WORK REQUIRED: Please write out every line of the material, leaving out any picture.
○ ○ ○ ○ ○
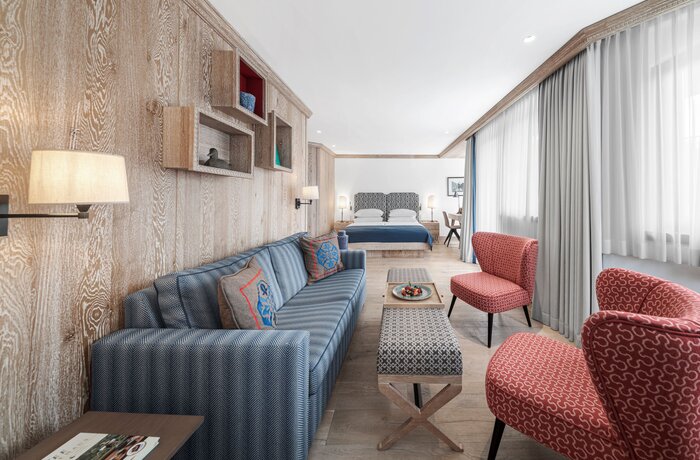 Ein modernes Hotelzimmer mit Sofa, Sesseln und einem Bett im Hintergrund. Große Fenster sorgen für viel Tageslicht.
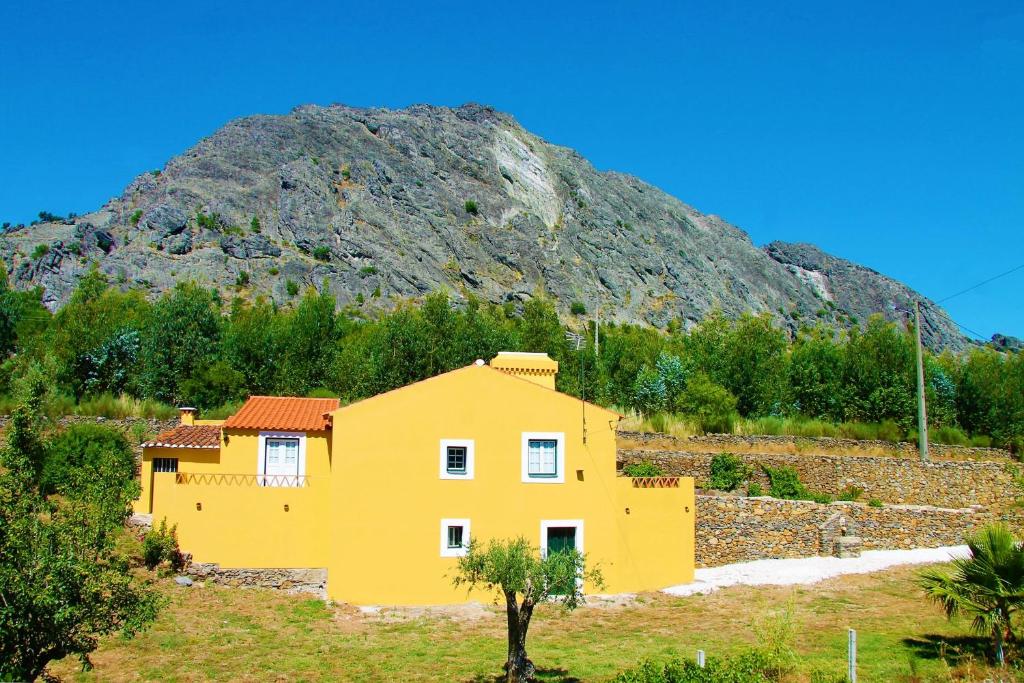 a yellow house in front of a mountain at Quinta da Figueirinha in Marvão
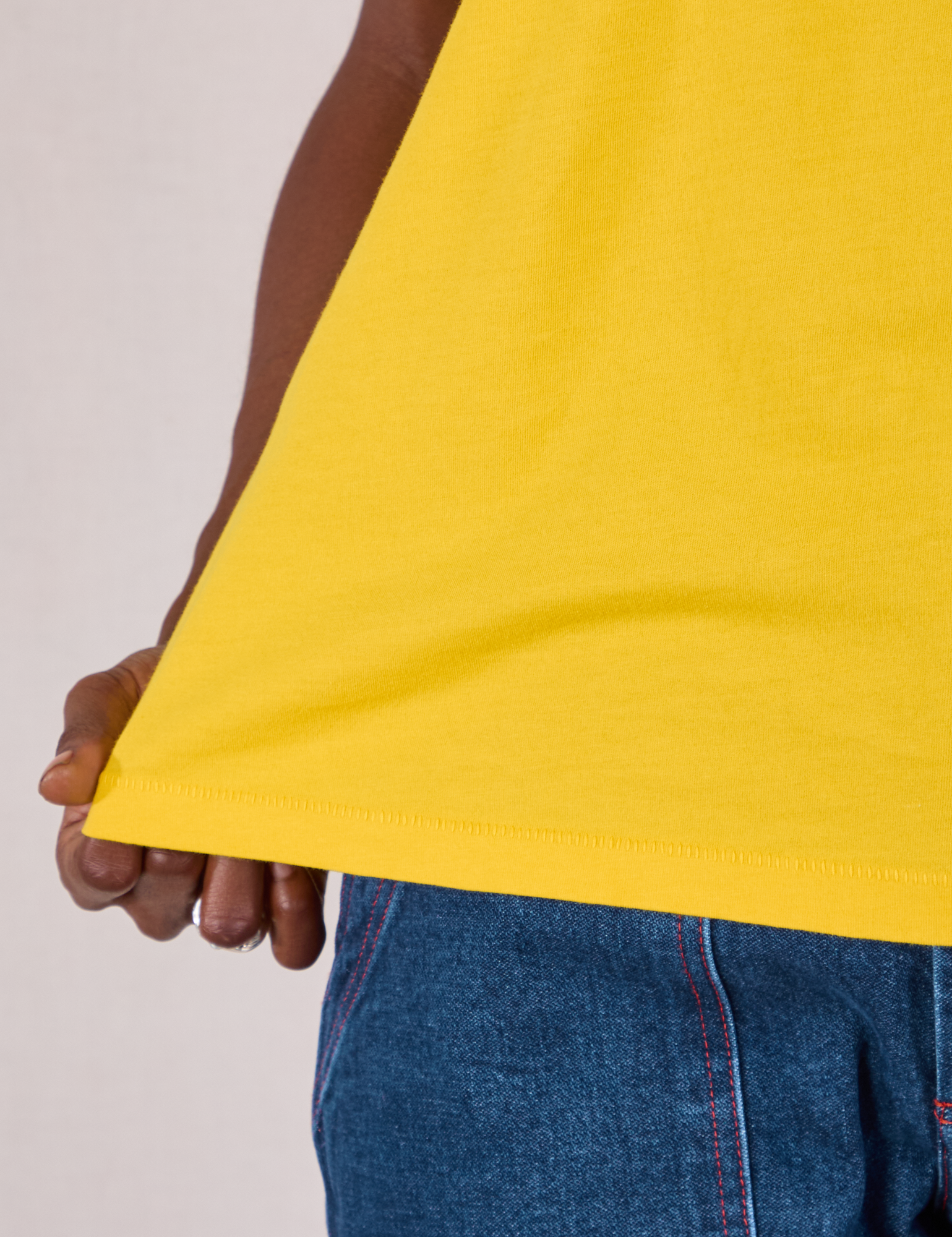 Organic Vintage Tee in Golden Yellow bottom hem close up on Cheyann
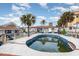 Outdoor pool area features a swimming pool surrounded by a wooden deck and tropical landscaping at 370 Hartford Ave, Daytona Beach, FL 32118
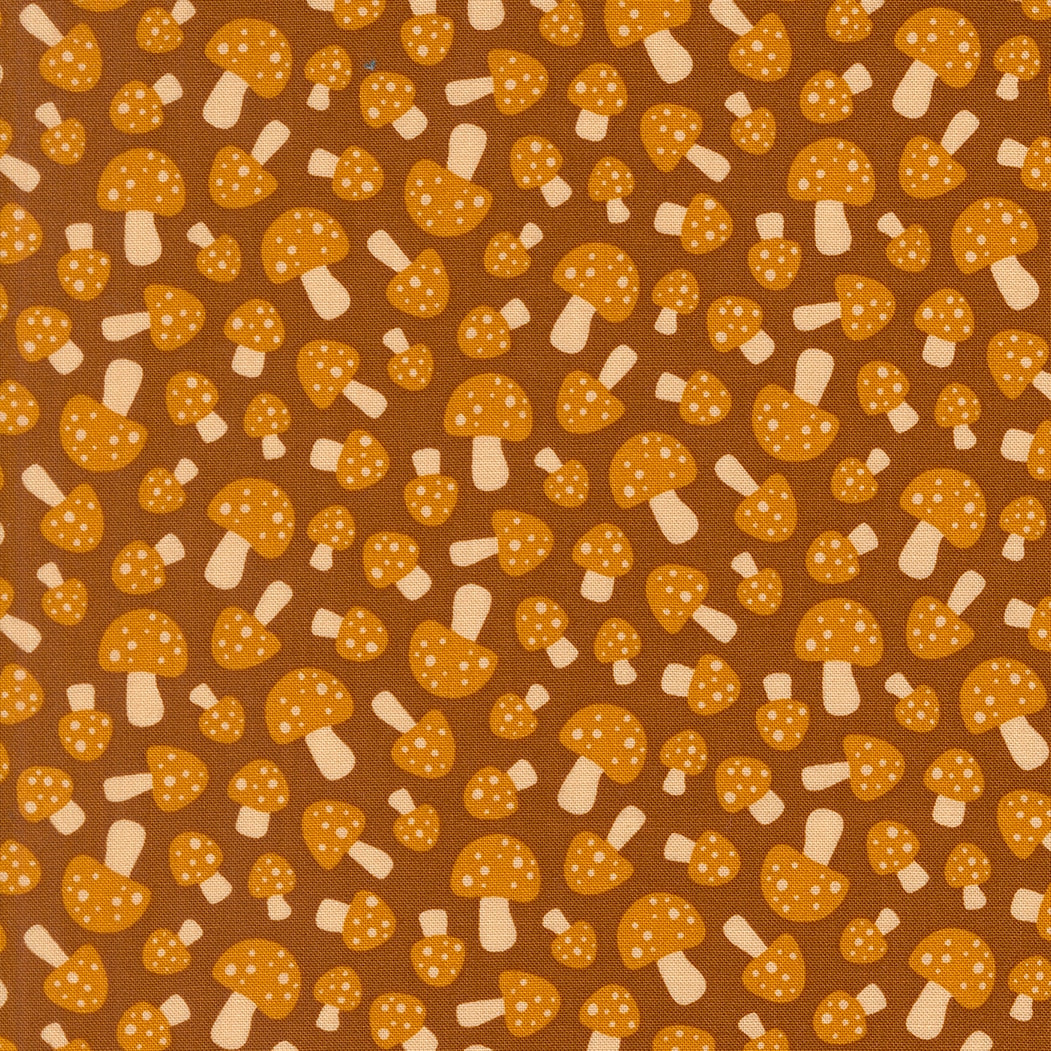 Moda's sepia mushrooms on brown woodland Toast and Jam by Elizabeth Hartman cotton quilting fabric, with orange dotted caps and ivory stems.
○ ○ ○ ○ ○
ANSWER SECTION:
 Ein modernes Hotelzimmer mit Sofa, Sesseln und einem Bett im Hintergrund. Große Fenster sorgen für viel Tageslicht.
 a yellow house in front of a mountain at Quinta da Figueirinha in Marvão
 Organic Vintage Tee in Golden Yellow bottom hem close up on Cheyann
 Outdoor pool area features a swimming pool surrounded by a wooden deck and tropical landscaping at 370 Hartford Ave, Daytona Beach, FL 32118
 Moda's sepia mushrooms on brown woodland Toast and Jam by Elizabeth Hartman cotton quilting fabric, with orange dotted caps and ivory stems.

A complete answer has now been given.